Guest Post: Review Committee responds to Seifrid's review of Campbell's Deliverance of God
Have you ever asked, 'Who reviews the reviewer?' "The committee" (not code for me!) has found it necessary to review this review, and I have uploaded it for you below.
(Prof. Mark Seifrid's review of Campbell's The Deliverance of God, can be found, on the Themelios webpage, here)
Response to Seifrid's review of Campbell's The Deliverance of God
Labels: Guest Post, Review of Deliverance of God
7 Comments:
Good to see somebody putting Seifrid in his place. I find that review to be pretty comparable to the other things I have read by him. He fits into that group of conservative American scholars who do a remarkably good job of not engaging the people whom they choose to criticize. I am consistently amazed that folks from that group even get published.
Is this 'review of a review' for real? There's hope for the rest of us who submit reviews!
Ouch...
Who is the "committee??"
As I read it I assumed Seifrid wasn't a real person but perhaps a composite charicature of those who write bad reviews, then I followed the link . . . oops.
I don't suppose Dr. Seifrid will actually get to read this..? Pity.
I do have a question about the committee's remarks, though. I can't quite make sense of what is being said here about DC's take on Romans 2:1ff. Seifrid describes 1:18-32 as "nothing other than the position of a false teacher" which is then dismantled (presumably in 2:1ff). The committee responds that this is not a novel reading, because it's generally affirmed that "the speaker of 2:1-4 has uttered the words of 1:18-32." That doesn't seem to be what Seifrid is saying... so are we criticizing his claim that DC's reading is 'novel' or (again) his representation of DC's reading? To my ear, his description is more in keeping with Campbell's own here than the 'affirmed' view that the committee is referring to, unless I'm misunderstanding them.
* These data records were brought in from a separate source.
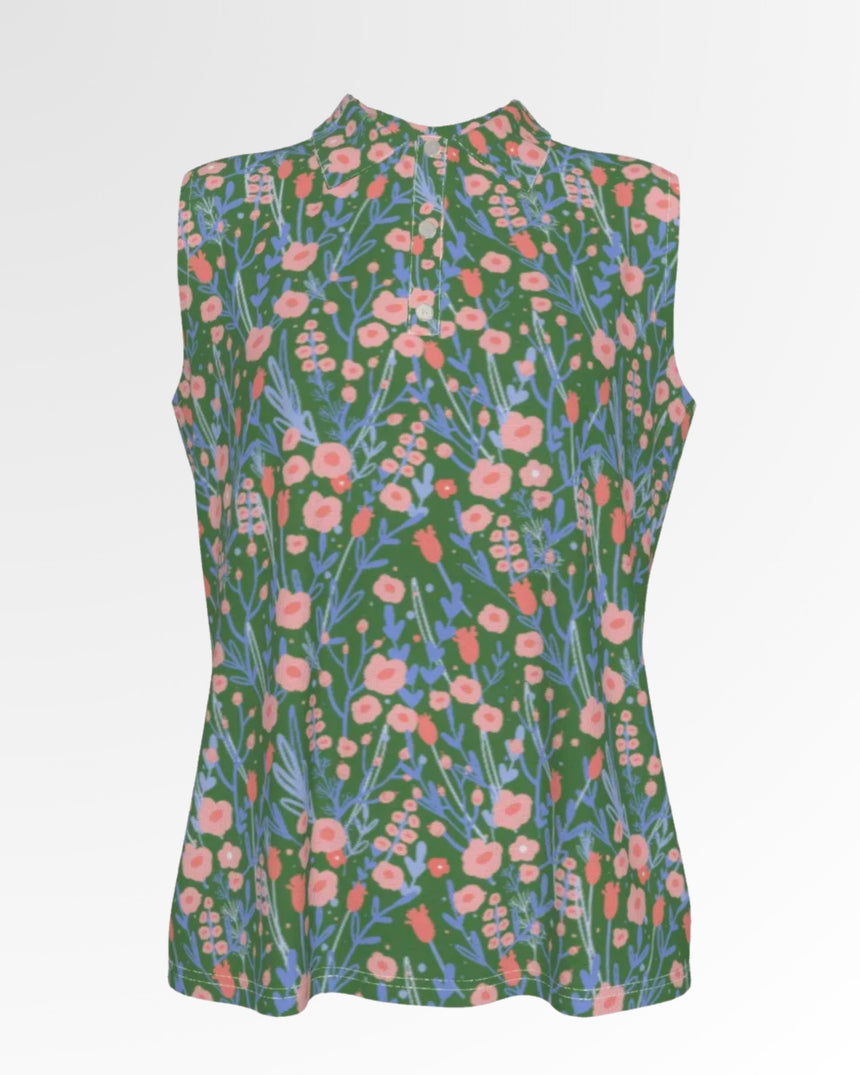 Back Nine Blossoms - Sleeveless Polo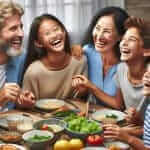 Happy Family Having Dinner Together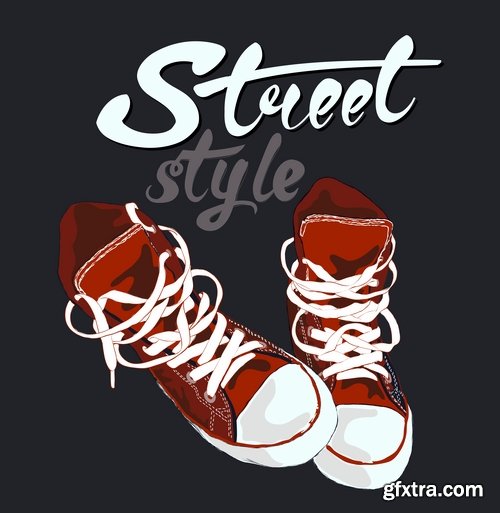 Collection of vector images sneakers 25 Eps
Later on the committee describes Campbell's Paul as turning the contentions of the (hypocritical) speaker of 1:18-32 on his own head starting in 2:1. That is DC's position, but that doesn't seem to be the same as their earlier description that emphasized the same speaker between 1:18-2:4 (I am assuming this earlier description that is affirmed by "almost all the major commentators" is not unlike that of Hays in The Moral Vision of the New Testament, which happens to be the only particular reading I can call to mind--yet Hays and DC do not agree here. If something substantially different was being referred to, what commentators are we talking about?).
In short, are we saying that Campbell has one speaker in 1:18-2:4, or that he has a shift in 2:1 that repudiates the earlier claims? I understand the former to be the standard reading (a la Hays) and the latter to be DC's, which is what Siefrid was also saying. Unless I'm misreading something. But I'm getting mixed signals from these comments on his review.
Odd,
The committee suggests that Mr. Seifrid may be "patronising" in his remarks about praying for D. Campbell, before proceeding to do a fair bit of "patronising" itself in offering to pray for Seifrid (cf. The end letter; final remark).
Is this a returning of evil for evil? Or is it a more subtle form of hypocrisy (both of which come under criticism in Romans, the second of which is included in the committee's preamble for determining a right proper review)? Does someone need to write a review of the review of Seifrid's review?
It appears that the only person who truly avoids blame is Mr. Campbell!